USF Health remains committed to having the program become an anchor at USF’s newest campus, USF Polytechnic. “We are disappointed that Governor Crist vetoed the pharmacy and other buildings at USF Polytechnic, but we are confident that the state will understand the importance of that campus in a revitalized Florida economy,” Dr. Klasko said. “The veto in no way decreases our commitment to USF Polytechnic.”
The School of Pharmacy is one more way that USF Health is helping design tomorrow’s health care, Dr. Klasko said.
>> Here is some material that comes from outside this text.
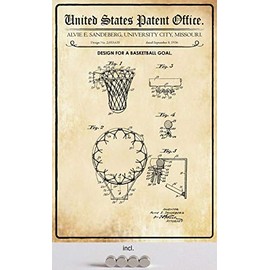 Tin Sign 20 x 30 cm Curved Including 4 Magnets Patent Design Basketball Basket 1936 Decorative Gift Sign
“In so many ways, the USF School of Pharmacy represents the spirit of USF Health,” Dr. Klasko said. “USF saw a need for more pharmacists to provide the best healthcare in the future. We designed a unique program that will be innovative and groundbreaking. Then we delivered on that vision. The School of Pharmacy will provide a great opportunity for Florida students – and their future patients.”
– USF Health –
USF Health (www.health.usf.edu) is dedicated to creating a model of health care based on understanding the full spectrum of health. It includes the University of South Florida’s colleges of medicine, nursing, and public health; the schools of biomedical sciences as well as physical therapy & rehabilitation sciences; and the USF Physicians Group. With more than $380.4 million in research grants and contracts last year, the University of South Florida is one of the nation’s top 63 public research universities and one of only 25 public research universities nationwide with very high research activity that is designated as community-engaged by the Carnegie Foundation for the Advancement of Teaching.